• **Work order**:
All of the data, except its images, should be set down exactly as it appears.

[[ Information supplied open ]]

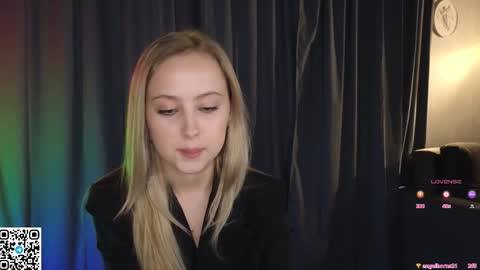 Snapshot of chloe_novel chatting on September 26, 6:45 pm Chloe online show from September 26, 6:45 pm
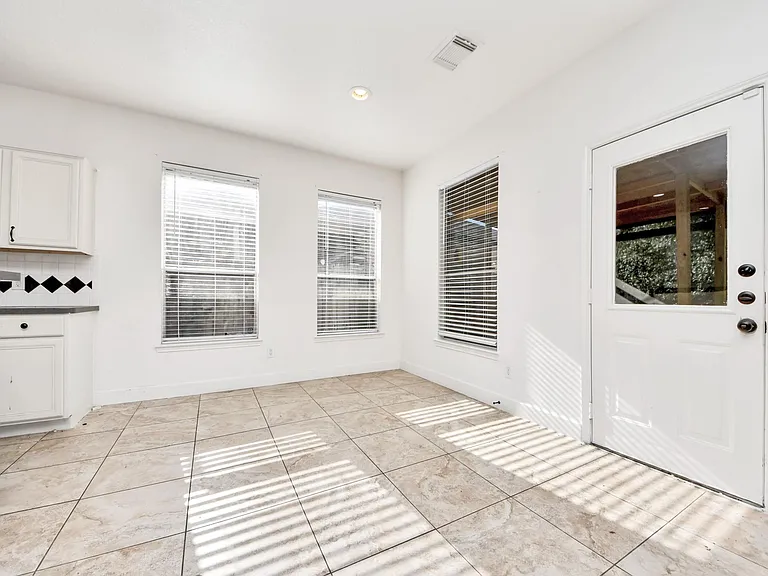 13515 Scarab Dr — Photo 27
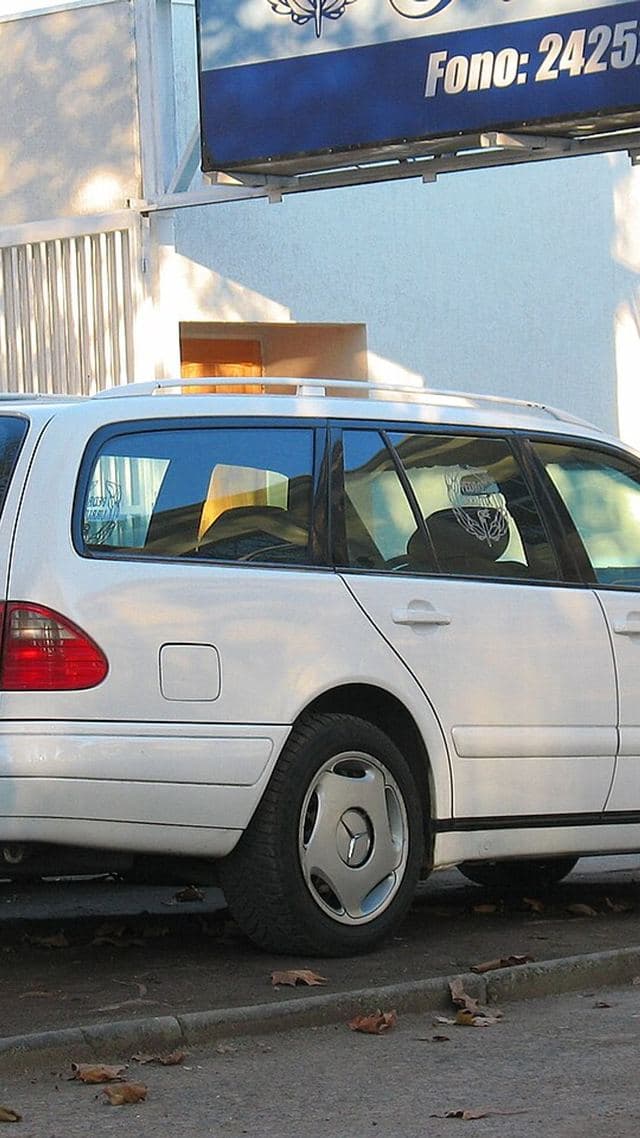 Mercedes-Benz E 300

[[ Information supplied closed ]]

• **Answer below**:
 Snapshot of chloe_novel chatting on September 26, 6:45 pm Chloe online show from September 26, 6:45 pm
 13515 Scarab Dr — Photo 27
 Mercedes-Benz E 300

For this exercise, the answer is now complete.